Borderline Personality Disorder and Depression

Researchers have found that those who have a personality disorder and a co-occurring mental health disorder are at a greater risk for long-term psychopathology. In addition, co-occurring disorders can have an intensely negative impact on the quality of life of those suffering with a mental illness.

Borderline personality disorder (BPD) is characterized by impairments in interpersonal relationships, self-image, and an instability of affect, impulse control and emotion. Of all the personality disorders, BPD is one of the most disabling. Recent research published in the Journal of Clinical Psychiatry found rates of BPD at 5.9% in the general population.

BPD is frequently cited as comorbid with substance use and mood, anxiety and other personality disorders. Studies have found that borderline personality disorder is highly comorbid with depression. Researchers have found that 83% of those diagnosed with BPD have a history of major depressive disorder. Because of the shared biological features between the two disorders individuals with BPD may be particularly vulnerable to depressive episodes.

Certain symptoms of a major depressive episode may be present in an individual with BPD. In particular, the individual with BPD may experience a persistent irritable or depressed mood and a decreased interest in activities that were previously pleasurable. A significant change in appetite or weight may also be a sign of major depression.

Sleep patterns may also be affected, as the individual may experience difficulty falling asleep or may sleep more often and feel more fatigue. A general loss of energy and decreased physical activity are also symptoms of a major depressive episode.

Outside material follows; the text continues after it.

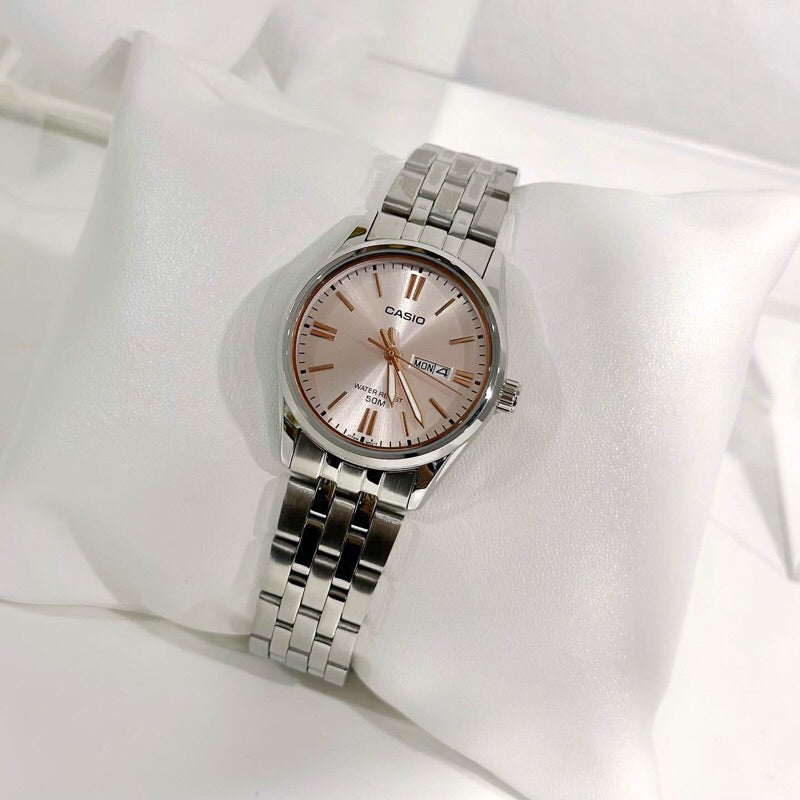 Casio Analog LTP-1335D-4AVDF Women's Watches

Increases in worry or agitation may be present, along with feelings of worthlessness and guilt. Recurring thoughts of suicide, death and dying are also symptoms. Individuals may plan or attempt suicide during an episode.

A major depressive episode and depressed mood in borderline personality disorder have distinguishing symptoms. A depressed mood may manifest as feelings of sadness, depression or loneliness. These can be triggered by stressful life events. Because individuals with BPD fear abandonment, these feelings may arise during a depressed mood.

A major depressive episode and depressed mood also differ in that the symptoms of a depressed mood should decrease as the situation improves. For example, the symptoms of sleep disturbances or appetite loss should improve when the stress is managed. Stressful events may trigger suicidal thoughts or self-injurious behavior. However, unlike major depressive disorder these are typically related to a specific interpersonal issue such as an argument.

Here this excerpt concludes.